1. spontaneous reactions – the ways you naturally respond to similar situations over time. Rising successfully to the challenges of project organizer in every crisis, for example, tells you something about your organizational and executive talents. 

2. yearnings – things that have fascinated you from an early age. Architect Frank Gehry remembers building avant guard wooden structures at age 4 from wood scrapes on the floor of his father’s hardware store. At 10, Matt Damon and Ben Affleck were meeting regularly at school to plan their  creative projects. Picasso was in adult art school by age 13 and loving it.

3. rapid learnings – things that come quickly and powerfully. Matisse was a sickly law clerk when his mother gave him a box of paints to pass the time. A new world opened for him, and he never looked back. He filled his days with paining and drawing from then on and was accepted into Paris’s most prestigious art school four years later.

4. deep satisfaction – consistent good feelings from an action.  In neurobiological language, this is a physiological response to the use of your strongest synaptic connections. Gregg Breinberg, music director of the PS 22 Chorus, and Gustavo Dudamel of the LA Phil (discussed in previous posts) are good examples of this.
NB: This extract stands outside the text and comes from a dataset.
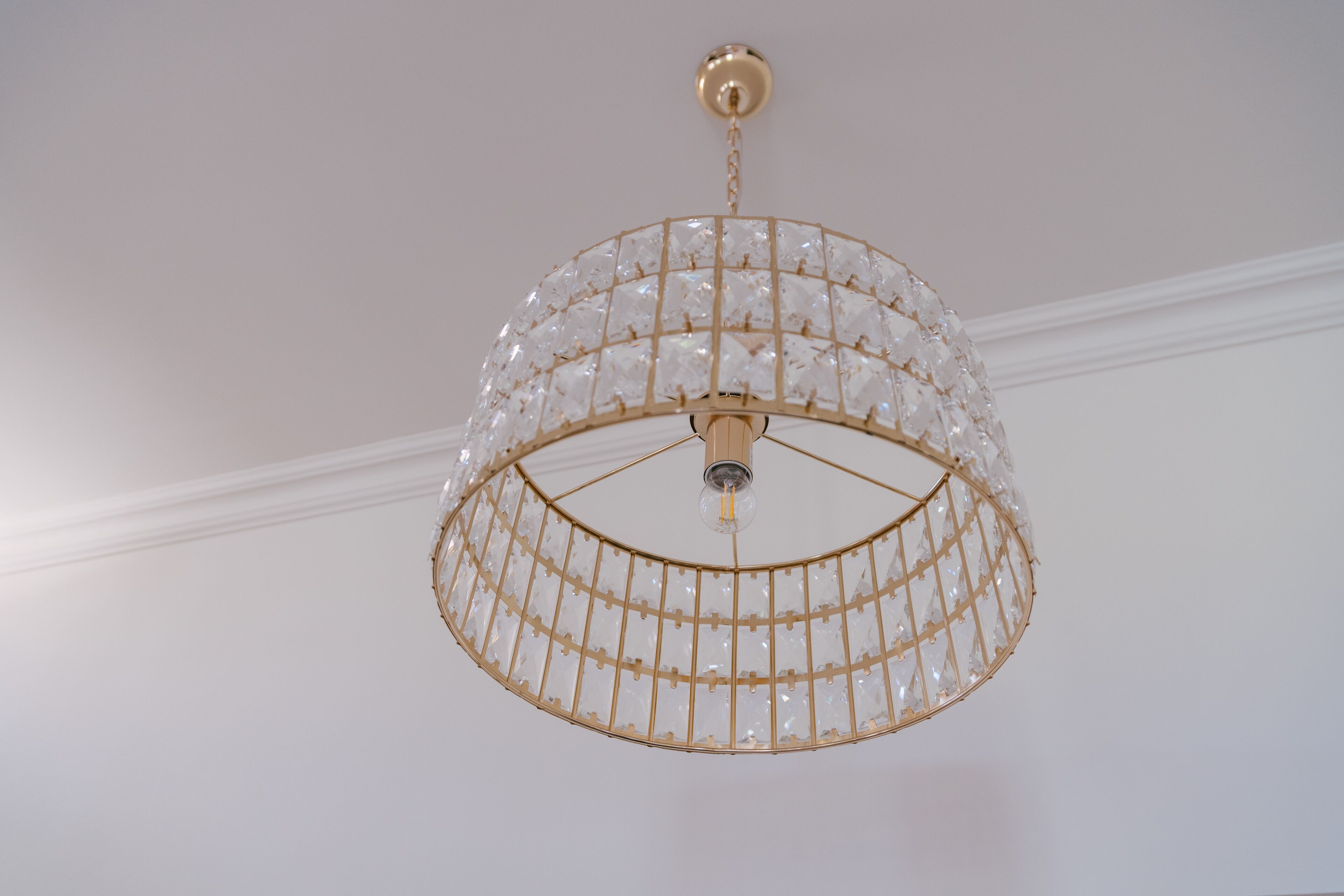 A chandelier with a gold frame and clear crystals.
We alone know our true talents.  We need time and a process to find them — and the confidence to believe in what we discover.  

Sometimes advice from others is helpful: it can give us an outside perspective on ourselves.  But be forewarned: not always.  It may encourage us to short-cut self-discovery or be unduly influenced by the contributions important others want us to make.  “You can’t make money with an art degree, so major in business.” “Be a teacher. You’ll have summers off with your children.” “You’re good at math. Take a job on Wall Street where bonuses are still big despite the economy.” 

A joyless life is one spent convincing ourselves that we should like what others value in us more than who we really are.